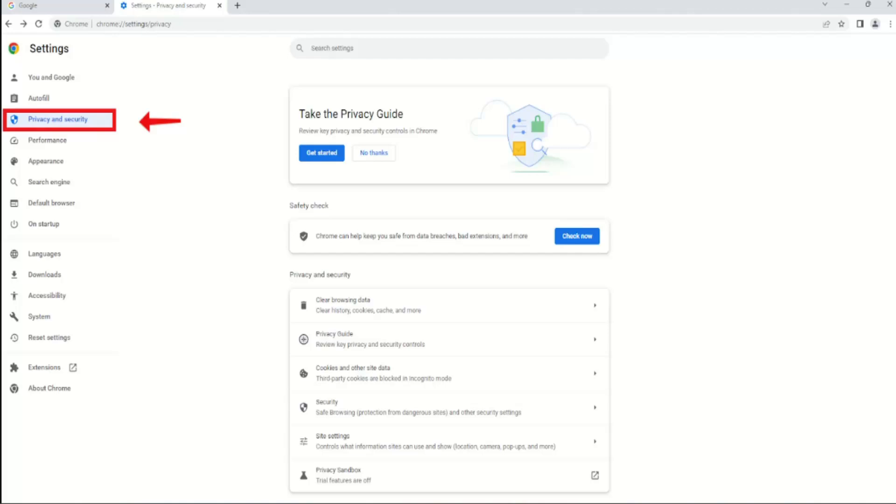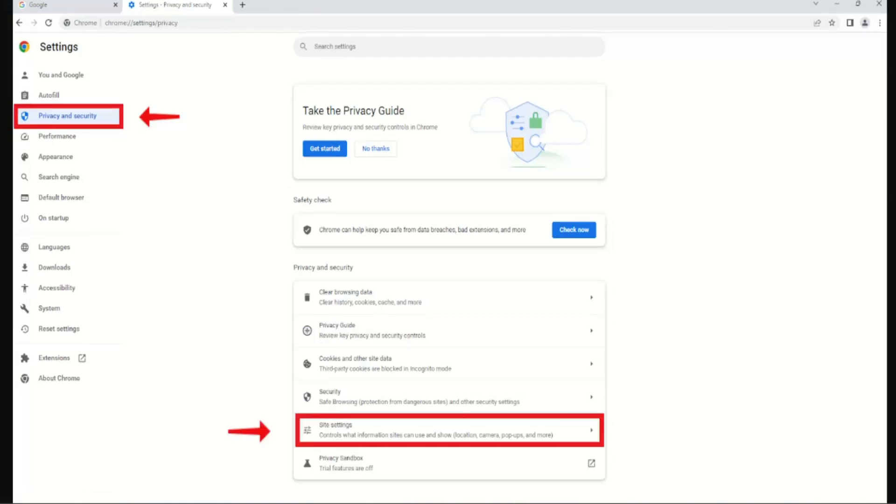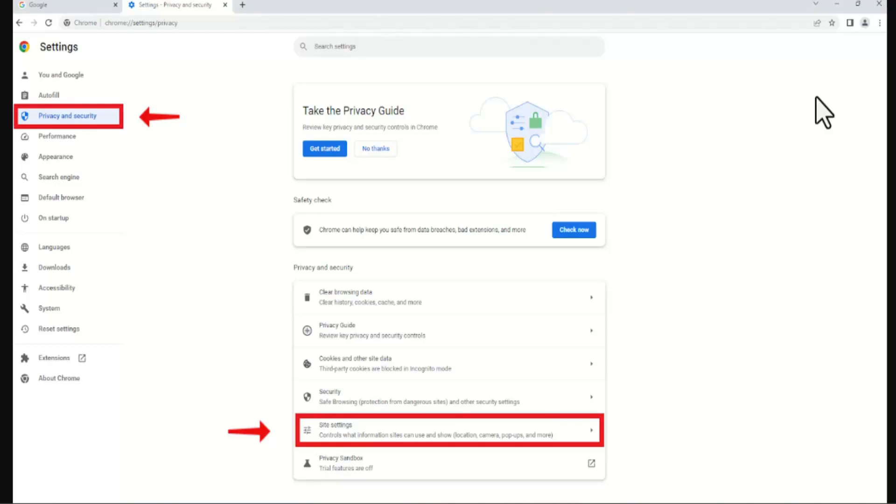In Settings, click on the Privacy section. On the next field, go ahead and click on Site Settings. When you get to Site Settings, scroll down to the bottom.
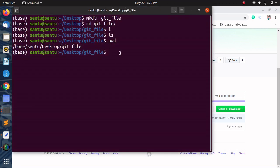Go to that terminal and type git clone, paste the link, and hit the enter button. Now the cloning process begins.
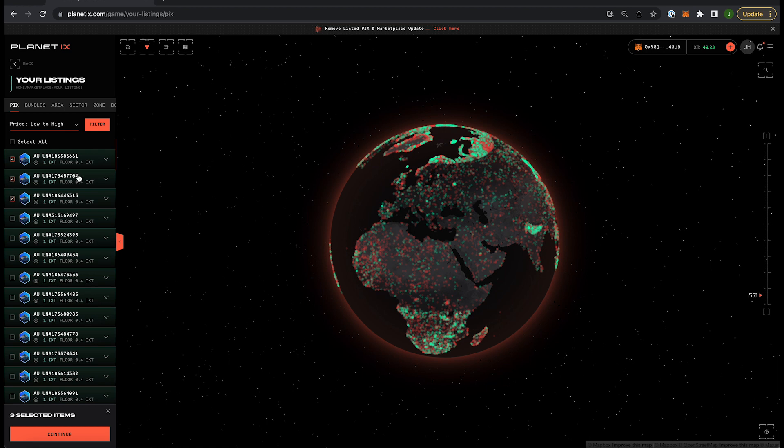In this video I will show you how to remove three picks from listings. Press continue.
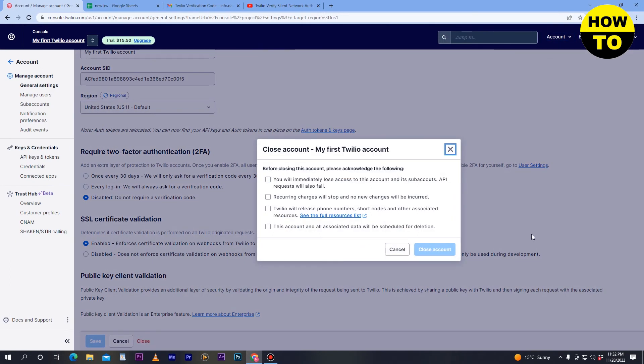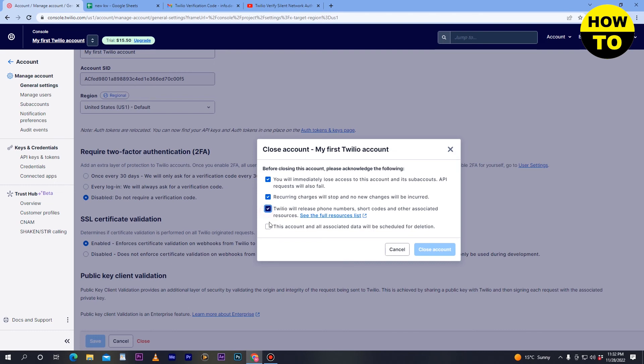After clicking Close, you'll see a message: 'Before closing the account, please acknowledge the following.' You will immediately lose access to your account. You can read all these features and options - check or uncheck them as needed.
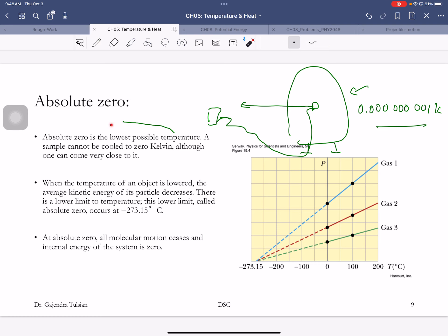Absolute zero is the lowest possible temperature — minus 273 degrees Celsius — and that's why we invented the Kelvin scale. We discovered absolute zero by taking three flasks filled with different amounts of gas. You start cooling them; all the pressures go to zero at the same temperature, which is when all the molecules have stopped. That's how we discovered absolute zero.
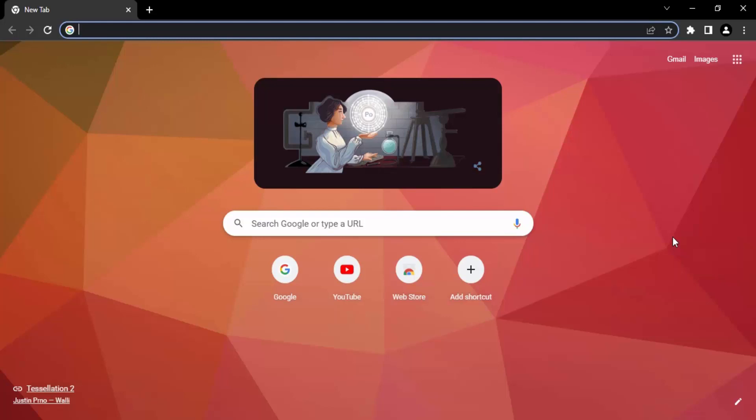When you go for a Chrome reset, all your issues will be solved. One win, second win is that all the history you've browsed in Chrome, all the passwords you've saved, all the data you've saved will remain saved.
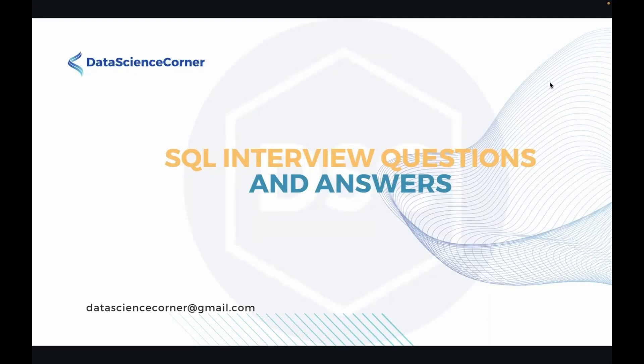Hello and welcome to Data Science Corner. This is SQL interview questions and answer series.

--

What is required
Starting with the first line of the material, print each line exactly until you have printed the line with "After clicking Close, you'll", and skip the pictures.

Answer space
In Settings, click on the Privacy section. On the next field, go ahead and click on Site Settings. When you get to Site Settings, scroll down to the bottom.
Go to that terminal and type git clone, paste the link, and hit the enter button. Now the cloning process begins.
In this video I will show you how to remove three picks from listings. Press continue.
After clicking Close, you'll see a message: 'Before closing the account, please acknowledge the following.' You will immediately lose access to your account. You can read all these features and options - check or uncheck them as needed.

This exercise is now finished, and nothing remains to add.